I posted what I do, It's probably not the best method but was easy and required no facrication. Even though I do not build things, I have wood lying around everywhere. I had a piece of 6x6 lying on the ground and said this will fit on the smoker. :roll:

I saw a thread lately about someone making a shelf for the remotes and would like to have something that looks much nicer, but I know I will never build one. If someone is actually making a nice shelf, please post a drawing in the files section.
 
john said:
I saw a thread lately about someone making a shelf for the remotes and would like to have something that looks much nicer, but I know I will never build one. If someone is actually making a nice shelf, please post a drawing in the files section.
John,
That was me. Design done and on graph paper. Pick up sheet metal Mon or so and then cut and bend Mod from there.
I'll post it when I get done.
TIM
 
i keep a paver on top pf the bandera. been there for years.. just for the thermometers.

run the wire doen the chimney, closing the door compresses the wire and after enough times it beocmes frayed and stops working.

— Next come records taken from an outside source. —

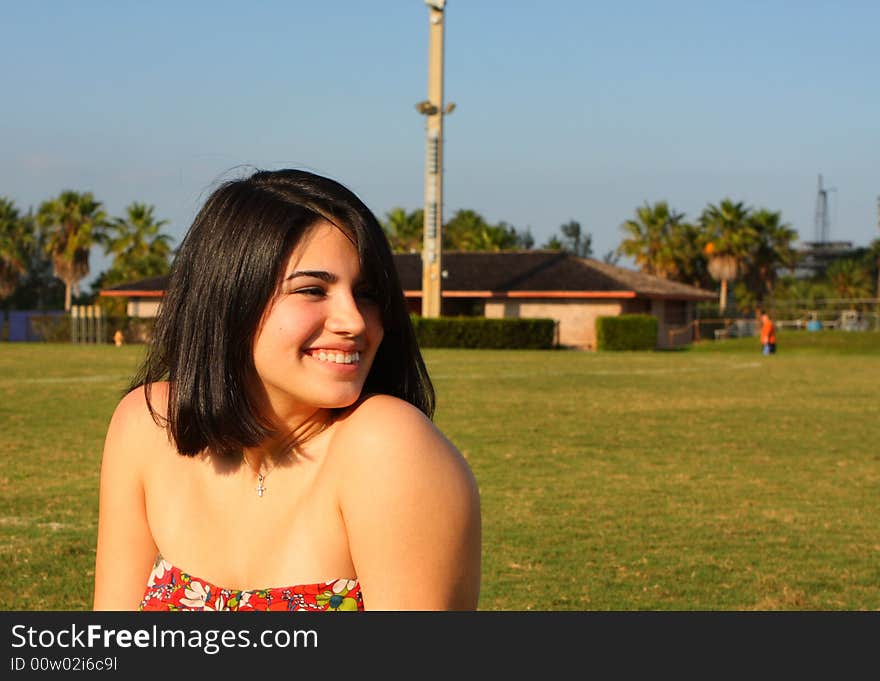 Attractive young woman looking to the side and smiling. Attractive young woman looking to the side and smiling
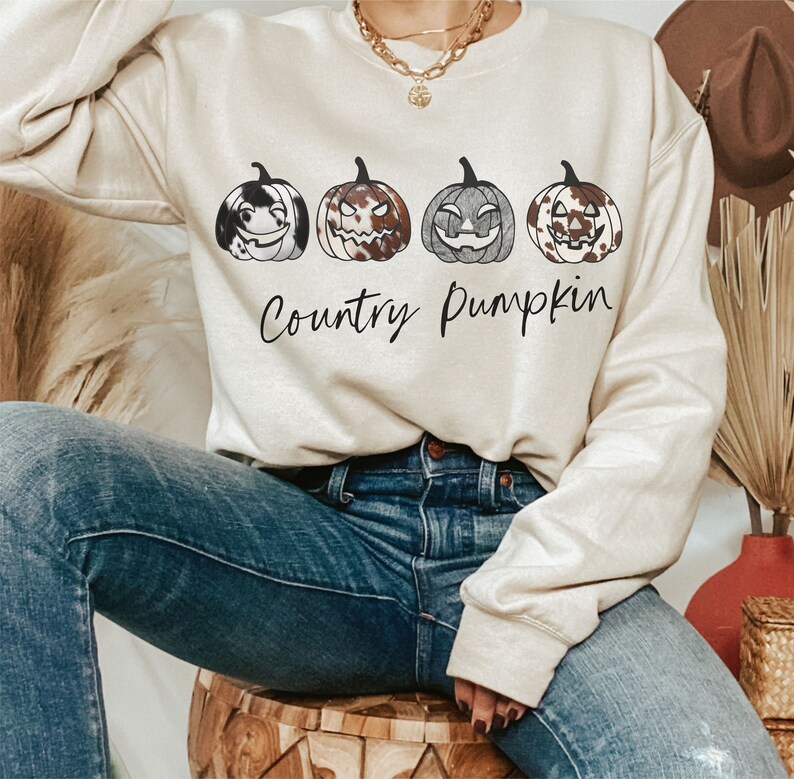 May include: A cream-coloured sweatshirt displaying four pumpkin illustrations with different patterns and expressions. The words "Country Pumpkin" are written underneath in a cursive style. The person is wearing blue jeans.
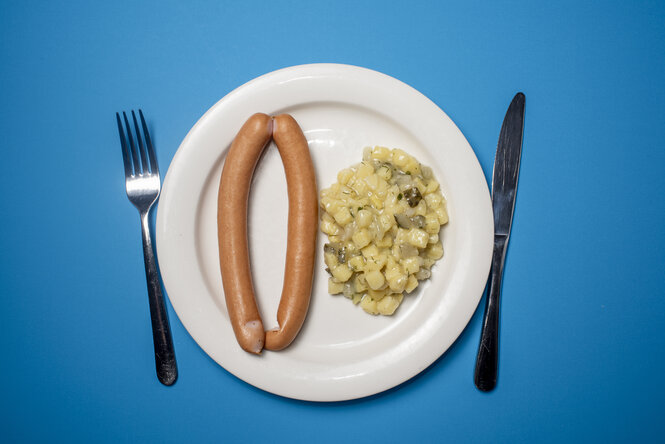 Ein Teller mit Kartoffelsalat und Würstchen.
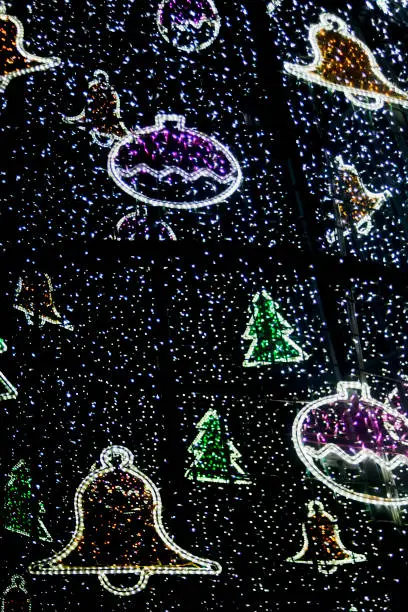 Modern lighting Christmas decorations at night,  festive motif adorns , bells, fir trees, balls, A Coruña townsquare, Galicia, Spain. Vertical view suitable for background purposes.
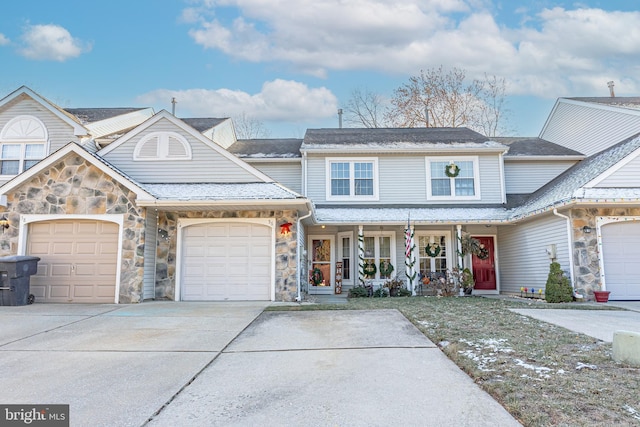 view of front property featuring a porch and a garage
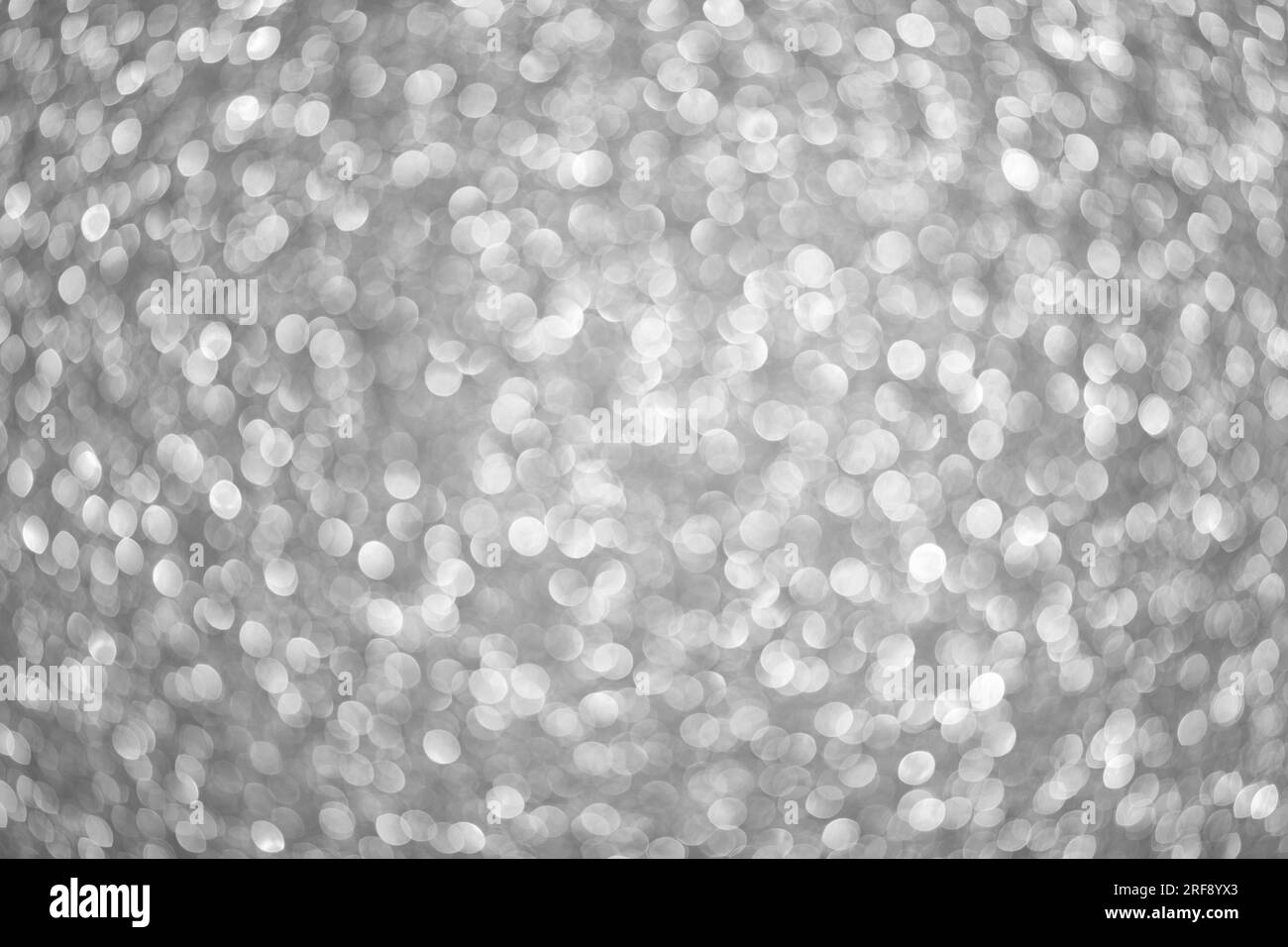 Abstrakt festlich elegant grauen Hintergrund mit verschwommen Bokeh Lichter und Sterne Textur Stockfoto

I like sticking the probe thru a corner or "bad" tip on the meat..or a piece of fat..... Just keep it away from a grate. Also, beware of the "heat shadows" that are above and below the meat.. Get the probe in an area of circulation around the meat.
 
It is going to be so nice being able to stretch out on the hamock with a beer and still be able to know what is going on inside the smoker. Hell I may even chase the ole lady around, as long as the thermometer receiver is in site.. :twisted:
 
markbet said:
Hell I may even chase the ole lady around, as long as the thermometer receiver is in site.. :twisted:

Chase away! That is what the alarm is for in the base station.
 
john said:
markbet said:
Hell I may even chase the ole lady around, as long as the thermometer receiver is in site.. :twisted:

Chase away! That is what the alarm is for in the base station.

John....since you mentioned about the alarm on the base, that brings up another question, I see that it has a warning for high and low temps. I know what my high should be, what is a good setting for low. I think my high will be my cooking temp (250*) and my low.....five or ten degrees below my target temp?
 
My base station only alarms me on one of the two settings. So I can only set the alarm for a high setting or a low setting not both. I don't know if they improved on this or not.

So during a long smoke I set the alarm on the low side 5 or 10 degrees below my target running temp which allows me to put the beers down, go out to the smoker and add more wood. Then towards the end when I am concerned out the meat temp I switch it to high and wait for it to go off and set the beers down.
 
john said:
My base station only alarms me on one of the two settings. So I can only set the alarm for a high setting or a low setting not both. I don't know if they improved on this or not.

So during a long smoke I set the alarm on the low side 5 or 10 degrees below my target running temp which allows me to put the beers down, go out to the smoker and add more wood. Then towards the end when I am concerned out the meat temp I switch it to high and wait for it to go off and set the beers down.

You are right John, I went to Nu-Temps website, and I can only set it on one or the other, high or low.
 
markbet said:
You are right John, I went to Nu-Temps website, and I can only set it on one or the other, high or low.

Good that means yours is not better then mine! :lol:
 
After long thoughtful consideration, I finally went with the Maverick remote thermometer over the Nu-Temp because a high and a low warning can be set for the smoker's temperature.
Mike
 
I used my new Nu-Temp thermometer's over the weekend, they were fantastic. I new exactly what was going on in the smoker. It helped me keep total control of my heat. I could not believe how much my door thermometer was off, almost 50*, and the end result was some very good BBQ. The Nu-Temp is worth every penny in my opinion.